> Directions for this task: Somewhere below are a line with "Gallery image thumbnail" and a later line with "TP-LINK RE200 AC750". Output exactly those lines and all lines between them.

> Short descriptive text snippets:
——

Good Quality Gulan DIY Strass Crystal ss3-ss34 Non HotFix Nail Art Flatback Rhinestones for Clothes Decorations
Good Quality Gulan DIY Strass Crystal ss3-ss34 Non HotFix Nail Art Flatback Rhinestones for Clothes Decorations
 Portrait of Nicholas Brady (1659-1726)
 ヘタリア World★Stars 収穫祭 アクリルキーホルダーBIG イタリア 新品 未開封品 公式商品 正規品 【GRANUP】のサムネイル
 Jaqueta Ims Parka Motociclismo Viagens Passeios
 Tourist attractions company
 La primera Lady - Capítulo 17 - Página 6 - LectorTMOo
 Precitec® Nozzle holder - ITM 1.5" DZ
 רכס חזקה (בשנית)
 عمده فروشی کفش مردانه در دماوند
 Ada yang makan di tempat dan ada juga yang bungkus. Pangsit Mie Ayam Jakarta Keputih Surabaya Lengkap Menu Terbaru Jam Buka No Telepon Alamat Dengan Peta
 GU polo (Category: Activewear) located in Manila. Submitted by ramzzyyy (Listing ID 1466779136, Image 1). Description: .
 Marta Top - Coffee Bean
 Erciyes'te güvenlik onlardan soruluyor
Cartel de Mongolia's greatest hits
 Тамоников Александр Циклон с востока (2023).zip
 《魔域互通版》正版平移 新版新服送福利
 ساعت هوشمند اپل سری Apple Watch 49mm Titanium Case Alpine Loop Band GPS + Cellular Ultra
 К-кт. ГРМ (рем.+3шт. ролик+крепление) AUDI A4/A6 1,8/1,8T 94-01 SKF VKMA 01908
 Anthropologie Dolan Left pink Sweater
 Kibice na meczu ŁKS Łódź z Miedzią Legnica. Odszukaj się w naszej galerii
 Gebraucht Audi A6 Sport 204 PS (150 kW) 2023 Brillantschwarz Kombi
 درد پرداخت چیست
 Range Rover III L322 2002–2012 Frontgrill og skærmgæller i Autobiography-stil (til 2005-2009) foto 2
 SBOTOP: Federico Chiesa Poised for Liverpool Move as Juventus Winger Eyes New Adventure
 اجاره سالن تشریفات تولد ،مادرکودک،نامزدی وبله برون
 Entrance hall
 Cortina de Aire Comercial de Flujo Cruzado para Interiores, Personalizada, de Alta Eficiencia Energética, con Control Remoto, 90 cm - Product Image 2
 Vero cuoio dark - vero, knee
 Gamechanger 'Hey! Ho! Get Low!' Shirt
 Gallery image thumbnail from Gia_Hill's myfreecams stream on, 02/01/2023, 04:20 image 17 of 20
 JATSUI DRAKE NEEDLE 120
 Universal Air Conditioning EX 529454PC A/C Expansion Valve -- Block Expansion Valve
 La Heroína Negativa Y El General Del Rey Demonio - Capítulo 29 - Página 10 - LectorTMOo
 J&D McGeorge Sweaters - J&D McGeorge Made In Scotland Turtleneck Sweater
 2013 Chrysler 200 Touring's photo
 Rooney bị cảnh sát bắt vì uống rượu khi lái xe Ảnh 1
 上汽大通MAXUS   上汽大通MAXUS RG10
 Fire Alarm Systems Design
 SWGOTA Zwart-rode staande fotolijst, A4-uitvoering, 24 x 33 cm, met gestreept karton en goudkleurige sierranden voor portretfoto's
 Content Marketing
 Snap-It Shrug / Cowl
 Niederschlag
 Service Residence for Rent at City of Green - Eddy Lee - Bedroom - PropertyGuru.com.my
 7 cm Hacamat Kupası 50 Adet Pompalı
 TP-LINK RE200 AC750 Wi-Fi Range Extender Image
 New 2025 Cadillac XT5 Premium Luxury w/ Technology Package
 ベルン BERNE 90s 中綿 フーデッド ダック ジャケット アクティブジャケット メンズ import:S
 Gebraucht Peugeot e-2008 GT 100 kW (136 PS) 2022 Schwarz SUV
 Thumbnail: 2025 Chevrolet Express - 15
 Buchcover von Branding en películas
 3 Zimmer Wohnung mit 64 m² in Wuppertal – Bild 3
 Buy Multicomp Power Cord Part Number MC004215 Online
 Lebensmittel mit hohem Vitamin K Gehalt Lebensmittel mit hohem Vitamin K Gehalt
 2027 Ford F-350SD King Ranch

——

> Result of this task:
 Gallery image thumbnail from Gia_Hill's myfreecams stream on, 02/01/2023, 04:20 image 17 of 20
 JATSUI DRAKE NEEDLE 120
 Universal Air Conditioning EX 529454PC A/C Expansion Valve -- Block Expansion Valve
 La Heroína Negativa Y El General Del Rey Demonio - Capítulo 29 - Página 10 - LectorTMOo
 J&D McGeorge Sweaters - J&D McGeorge Made In Scotland Turtleneck Sweater
 2013 Chrysler 200 Touring's photo
 Rooney bị cảnh sát bắt vì uống rượu khi lái xe Ảnh 1
 上汽大通MAXUS   上汽大通MAXUS RG10
 Fire Alarm Systems Design
 SWGOTA Zwart-rode staande fotolijst, A4-uitvoering, 24 x 33 cm, met gestreept karton en goudkleurige sierranden voor portretfoto's
 Content Marketing
 Snap-It Shrug / Cowl
 Niederschlag
 Service Residence for Rent at City of Green - Eddy Lee - Bedroom - PropertyGuru.com.my
 7 cm Hacamat Kupası 50 Adet Pompalı
 TP-LINK RE200 AC750 Wi-Fi Range Extender Image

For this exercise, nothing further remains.